MATERIAL PROVIDED:
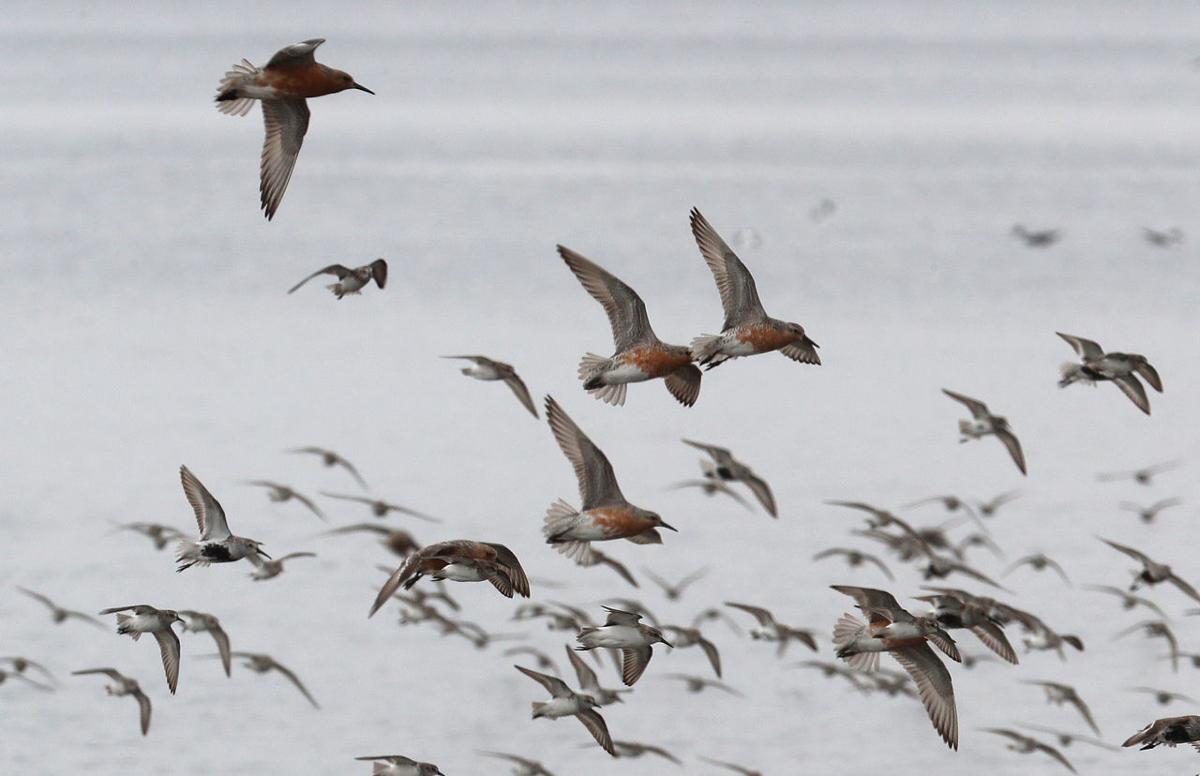 Red Knots Shore Birds Horseshoe Crabs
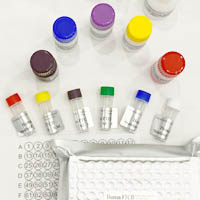 人胰岛细胞抗原2抗体(IA-2A)elisa试剂盒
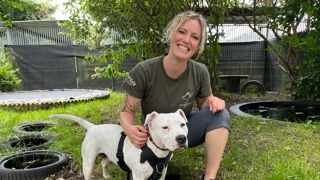 BEKIJK: Dierenasiel van Genk overvol: ”Het duurt langer voor honden en ...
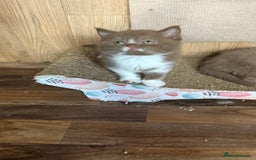 British Shorthair cats for sale: BSH kittens parents gccf - Image 20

TO DO: Where a picture appears, omit it, and otherwise retype the material exactly.

WRITTEN REPLY:
 Red Knots Shore Birds Horseshoe Crabs
 人胰岛细胞抗原2抗体(IA-2A)elisa试剂盒
 BEKIJK: Dierenasiel van Genk overvol: ”Het duurt langer voor honden en ...
 British Shorthair cats for sale: BSH kittens parents gccf - Image 20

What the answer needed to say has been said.